What you will do: Return the listing verbatim, images left out.

Dataset excerpt:
————————

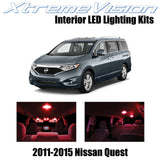 XtremeVision Interior LED for Nissan Quest 2011-2015 (8 Pieces) Red Interior LED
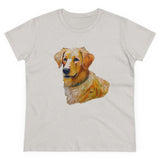 Golden Retriever Puppy Women's Midweight Cotton Tee
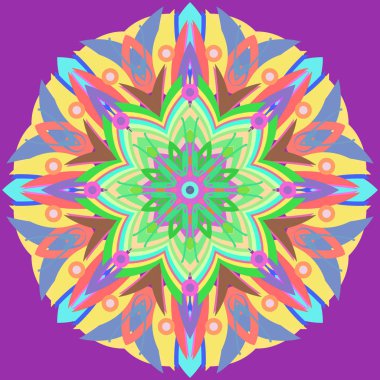 Yeni simetrik soyut mandala. Duvar kağıdı, desen dolgularını, web sayfaları, yüzey dokuları için dekoratif nesne-ebilmek var olmak kullanılmış.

————————

Expected output:
 XtremeVision Interior LED for Nissan Quest 2011-2015 (8 Pieces) Red Interior LED
 Golden Retriever Puppy Women's Midweight Cotton Tee
 Yeni simetrik soyut mandala. Duvar kağıdı, desen dolgularını, web sayfaları, yüzey dokuları için dekoratif nesne-ebilmek var olmak kullanılmış.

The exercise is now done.